We spend obscene amounts of money on security software, hardware devices and training, but our user community still represents the soft underbelly of every organization. It’s not even a dirty little secret anymore. There have been countless studies and surveys devoted to this topic, even entire sectors within the security industry dedicated to improving user security awareness.
In Kevin Mitnick’s 2002 book, “The Art of Deception,” the former hacker writes about obtaining passwords and other pieces of sensitive information from companies by pretending to be someone else and just asking for it. Seems like things haven’t changed much. The colossal compromise of RSA in 2011 was initiated by a spear phishing email containing a malware-laden document. Defacement of the New York Times and the Washington Post websites by the Syrian Electronic Army succeeded due to phishing scams directed against staff at content partner Outbrain.
More than likely, users at these organizations probably went through yearly security awareness training. So why did they still click on that link?
We think how easy security would be if the users were smart like us. They must be stupid, because we give them policies and online training, but they keep making the same mistakes. Here’s a radical notion: maybe the problem isn’t the user. As Microsoft researcher Cormac Herley wrote about in a research paper on security training users "are offered long, complex and growing sets of advice, mandates, policy updates and tips. These sometimes carry vague and tentative suggestions of reduced risk, never security.”
As human beings, we’re wired to be efficient, rapid thinkers. Gerd Gigerenzer, a leader in the field of Bounded Rationality proposes that the human brain has a tendency to create heuristics -- frugal methods of decision making that allow us to arrive quickly at conclusions that are “good enough” in the context of uncertainty. In his book, “Gut Feelings,” he discusses one such example: catching a fly ball. In studies, it was found that people use a common heuristic, keeping the angle of the gaze constant with the ball, in order to catch it. This is one of many shortcuts we humans use to optimize our time, because effort is never free.

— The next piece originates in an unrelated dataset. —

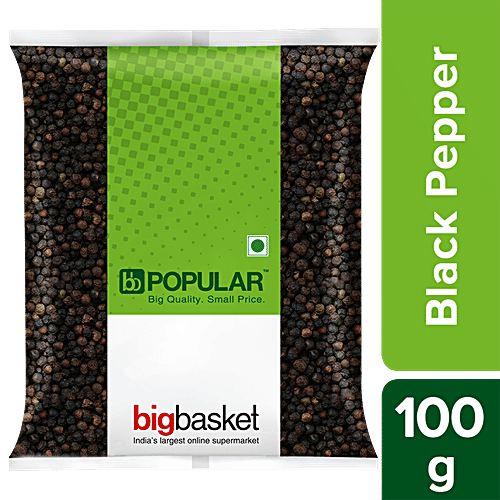 bb Popular Black Pepper/Kala Mari, 100 g Pouch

[Read about the biggest threats an organization faces in "The Banality of IT Failure: Overlooking Mundane Insider Threats."]
Life moves rapidly around us. As emotional beings, we’re motivated by the desire to maximize reward while minimizing danger or punishment. It’s what has kept us alive over thousands of years. So is it really surprising that a user would decide to click a link promising a free tablet or suggestive photos of a favorite celebrity when there’s so much competing for our attention? It seems to be the most economic choice. Some scientists even propose that technology is hijacking the brain’s reward system, driving us to seek the stimulating jolt of dopamine, a neurotransmitter linked to addiction.
Ultimately, the embarrassing cause of the security industry’s ongoing failure is a rejection of our own humanity. Leadership guru Simon Sinek said it best, “If you don’t understand people, you don’t understand business.” Maybe that should also read, “Then you don’t understand security.”
This means that we need to stop trying to use technology to solve the user problem; it’s really a protocol mismatch. Let’s talk to users, carbon unit to carbon unit. Then we can try to understand their needs, while communicating ours and finding real solutions in the process.